September 28th, 2004
Microsoft and Sender ID: Ready or not, here it comes
It’s only Tuesday, and already I believe I’ve found the scariest quote of the week. In a story regarding the dissolution of an important, Internet Engineering Task Force anti-spam working group (see Catastrophic loss for unencumbered standards), CBSNews.com has a report that quotes Microsoft spokesperson Sean Sundwall as saying that Microsoft company would continue to push its Sender ID e-mail authentication technology regardless of the IETF’s decision and that smaller companies might hesitate without standards but larger ones won’t change their plans. "Once you get a critical mass of people adopting Sender ID, it becomes for the smaller sender critically important they adopt it as well" Sundwall said.

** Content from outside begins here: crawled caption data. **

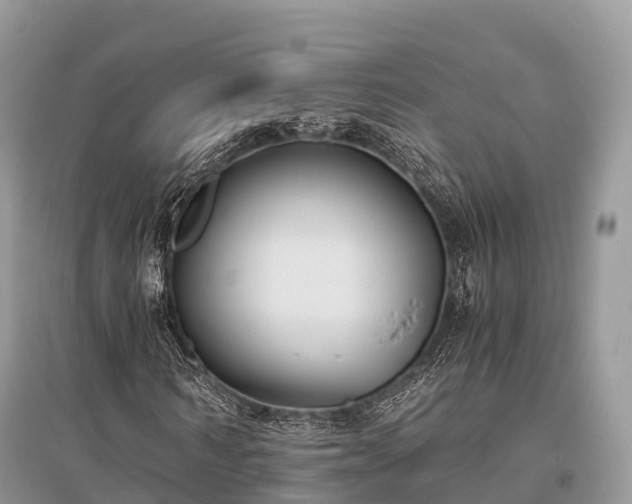 X0000096160962200801251124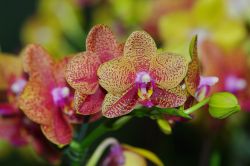 Una delle tante specie di orchidee che si possono ammirare nel Giardino Botanico di Singapore © G2019 / Shutterstock.com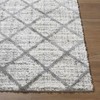 Hauteloom Anuhea Living Room, Bedroom Area Rug - Bohemian, Transitional - High Pile - 2 of 4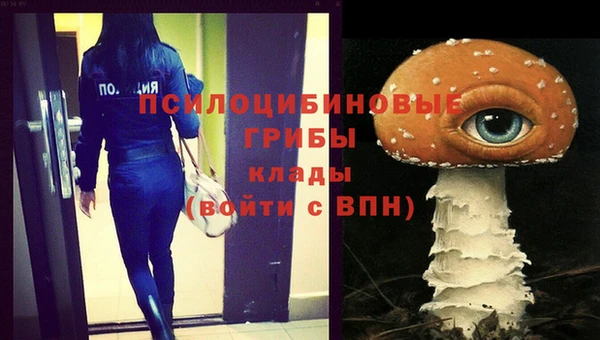 тгк Вяземский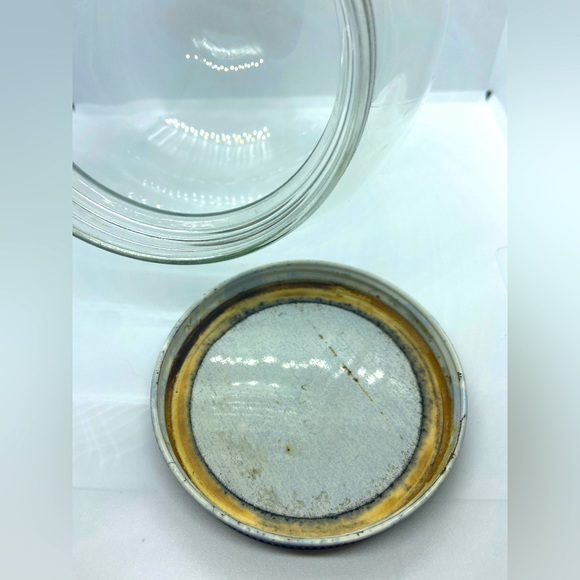 Vintage Bowl O Beauty Co Real Roses Glass Globe Dome Art Jar Fortune Teller DIY - Picture 3 of 5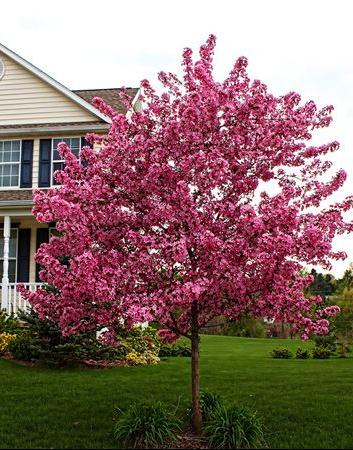 Crabapple Prairie Rose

Push Sender ID regardless of the IETF’s decision? Get critical mass? Between Hotmail/MSN,Outlook, Outlook Express, and Exchange Server, few companies have the presence in the e-mail ecosystem or the ability to "push" or make something achieve critical mass that Microsoft does. Smaller companies in particular are very reliant on at least one Microsoft product for their e-mail and their adoption could leave the only e-mail players that can stand in Microsoft’s way — Yahoo, America Online, and Earthlink — with no choice but to go with the flow. The implication of Sundwall’s statements is that Microsoft will do whatever it takes to make Sender ID a de facto standard. In an e-mail exchange early today, Sundwall made the following points in response to my concerns regarding the implications of what he said:
- [My statement as quoted in the CBSNews story] is true whether Sender ID was officially a standard sanctioned by IETF or not. A smaller company is not going to invest the resources to implement a standard unless there is a compelling business reason to do so. If AOL, Microsoft, EarthLink,Yahoo, Comcast, etc., do not implement Sender ID, there would be little reason for smaller ISPs to implement it.

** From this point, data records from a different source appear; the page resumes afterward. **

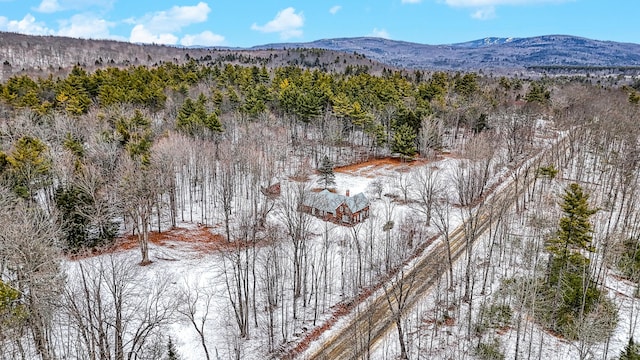 snowy aerial view featuring a mountain view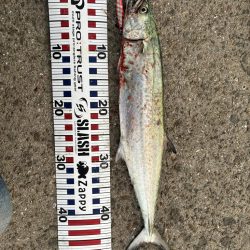 今日も海の恵みに感謝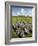 Beaghmore Stone Circles-Kevin Schafer-Framed Photographic Print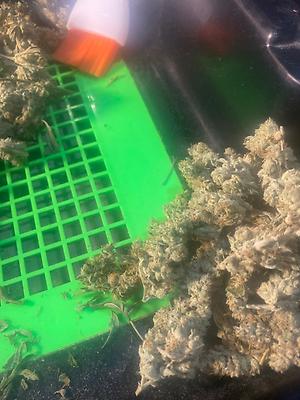 GG4 $200 Ounces!!!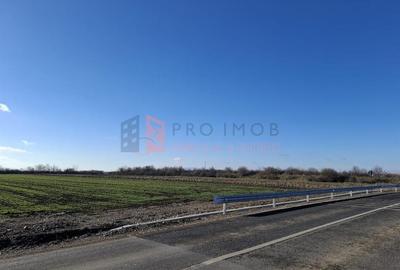 Teren Construcții intravilan de 2461 mp, în Vadu Pașii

- Sender ID compliance can happen in one of two ways: using the PRA [Purported Responsible Address] check (which is what we will use and encourage others to use) or using [Meng Weng Wong's] Sender Policy Framework (SPF) check, which others have announced they will use. Either is within the Sender ID specification.

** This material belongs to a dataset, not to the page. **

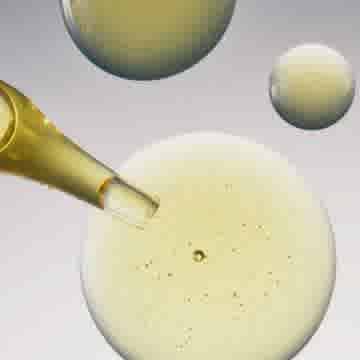 3. SERUM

- Microsoft does not control Sender ID. The patents you reference have neither been scoped nor granted by the issuing body and we have maintained royalty-free licensing in perpetuity.
But concerns still remain about Microsoft’s patent application and whether or not, if granted, deployment of SPF will result in infringement. Though Sundwall claims that the Microsoft technologies in question will be available on a royalty-free basis in perpetuity, they’re not nearly as unencumbered as open source software or open standards typically are. Nevertheless, if Microsoft succeeds in turning Sender ID as well as PRA into de facto standards, and the U.S. Patent and Trademark Office (USPTO) grants Microsoft a patent or patents for any of the techniques used to authenticate e-mail senders, Microsoft could end up with significant if not total control over the Internet’s e-mail. At least the spam-reduced part of it (the part everyone would want access to).>
Earlier this year, Microsoft chairman and chief software architect Bill Gates pitched the company’s work on Sender ID as a rather altruistic effort — something for the greater good of all Internet users — and cited the company’s involvement in an alliance of major e-mail players in the process. But by applying for a patent and placing licensing restrictions on its technology — restrictions that the e-mail community appears to be rejecting — Microsoft’s non-altruistic and non-alliance-like actions speak louder than words. As I’ve said before, as with any vendor, Microsoft is and should be entitled to protect its intellectual property. But the spam situation is a desperate one, and for the greater good of the Internet community, it’s beholden upon all those involved to make sure that intellectual property issues do not stand in the way of progress on this front. If Microsoft is truly interested in the greater good of all Internet users, then it should do to Sender ID what it appears to have just done to its FlexWiki software — open source it, or at the very least, completely unencumber it. If it can’t find it in its heart to do that, then the concerns voiced by the likes of America OnLine and the Apache Foundation, both of whom have been around the block a few times to know better, can’t so easily be dismissed.